#### Task prompt:
Pictures stay out of the copy. Transcribe exactly, and only, the line with "I've measured out" through the last line of the entries below.
───── Data to use ─────
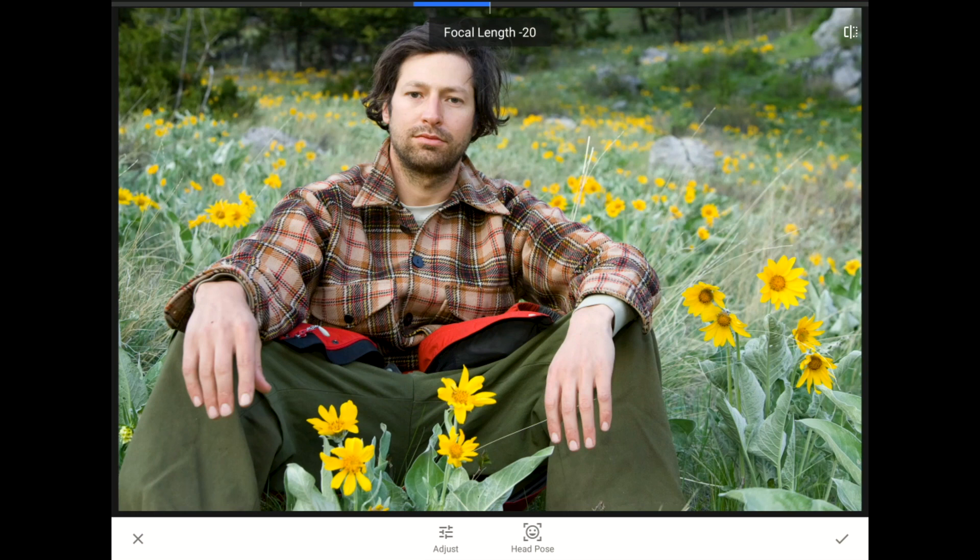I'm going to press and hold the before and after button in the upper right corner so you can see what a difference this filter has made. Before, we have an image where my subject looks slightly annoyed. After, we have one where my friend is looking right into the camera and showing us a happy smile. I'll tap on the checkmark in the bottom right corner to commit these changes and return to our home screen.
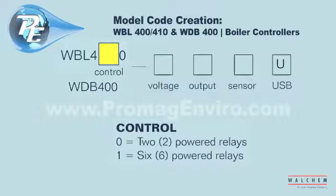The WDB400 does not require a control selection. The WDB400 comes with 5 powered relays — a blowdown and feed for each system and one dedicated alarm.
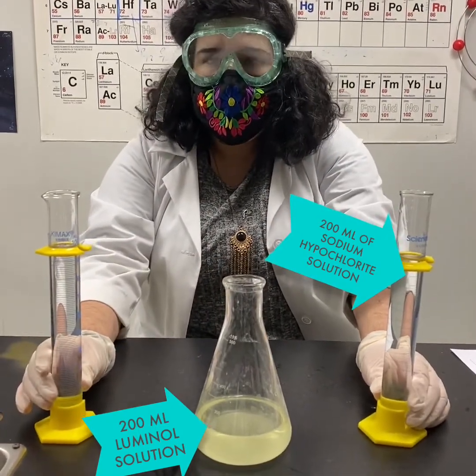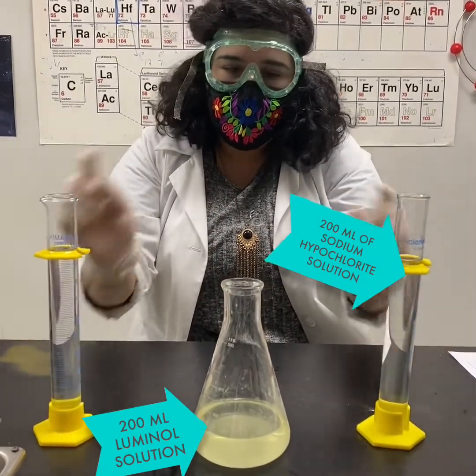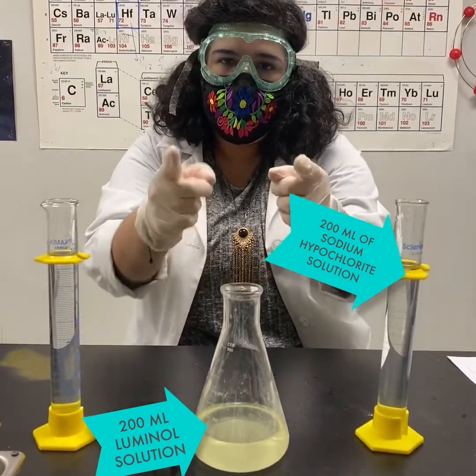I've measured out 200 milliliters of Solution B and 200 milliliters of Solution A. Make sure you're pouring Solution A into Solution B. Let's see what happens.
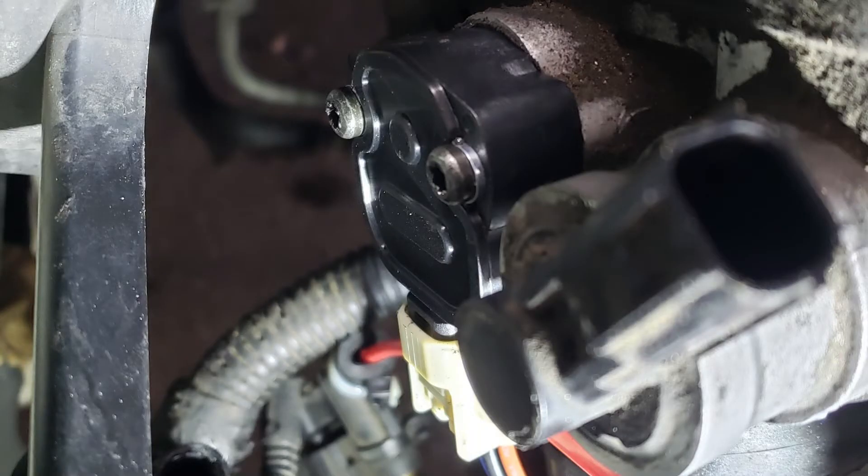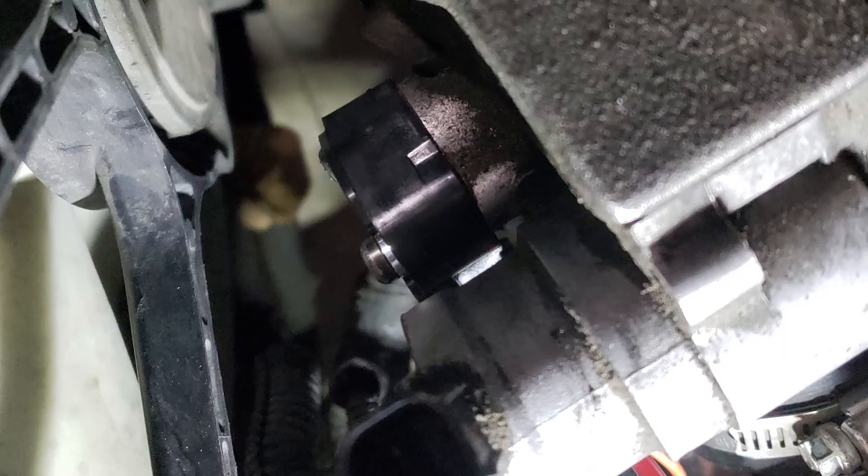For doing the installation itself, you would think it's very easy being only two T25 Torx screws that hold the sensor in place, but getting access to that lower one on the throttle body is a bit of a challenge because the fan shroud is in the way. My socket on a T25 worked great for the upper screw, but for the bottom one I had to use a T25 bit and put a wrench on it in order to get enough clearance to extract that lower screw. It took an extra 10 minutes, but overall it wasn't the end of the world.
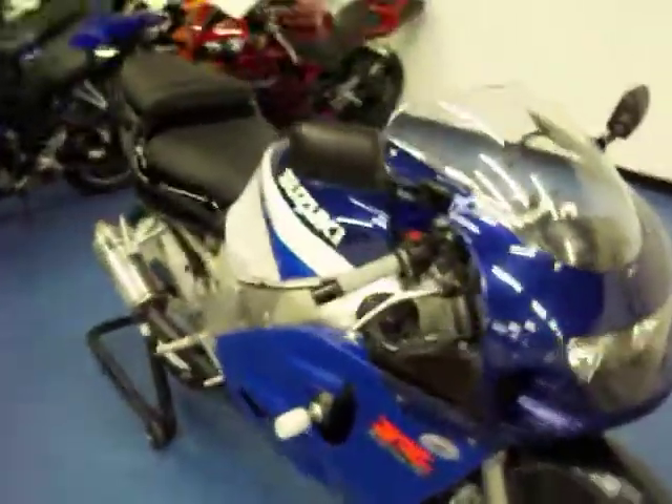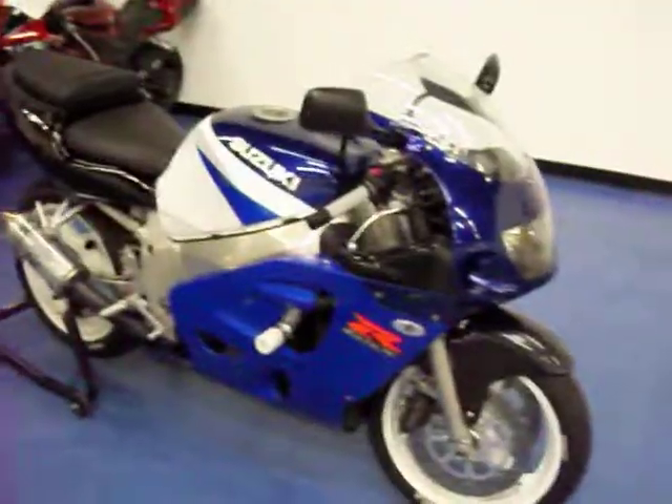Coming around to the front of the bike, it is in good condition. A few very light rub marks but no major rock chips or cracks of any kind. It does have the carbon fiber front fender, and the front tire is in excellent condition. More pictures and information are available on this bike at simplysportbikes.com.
─────
#### Your response:
I've measured out 200 milliliters of Solution B and 200 milliliters of Solution A. Make sure you're pouring Solution A into Solution B. Let's see what happens.
For doing the installation itself, you would think it's very easy being only two T25 Torx screws that hold the sensor in place, but getting access to that lower one on the throttle body is a bit of a challenge because the fan shroud is in the way. My socket on a T25 worked great for the upper screw, but for the bottom one I had to use a T25 bit and put a wrench on it in order to get enough clearance to extract that lower screw. It took an extra 10 minutes, but overall it wasn't the end of the world.
Coming around to the front of the bike, it is in good condition. A few very light rub marks but no major rock chips or cracks of any kind. It does have the carbon fiber front fender, and the front tire is in excellent condition. More pictures and information are available on this bike at simplysportbikes.com.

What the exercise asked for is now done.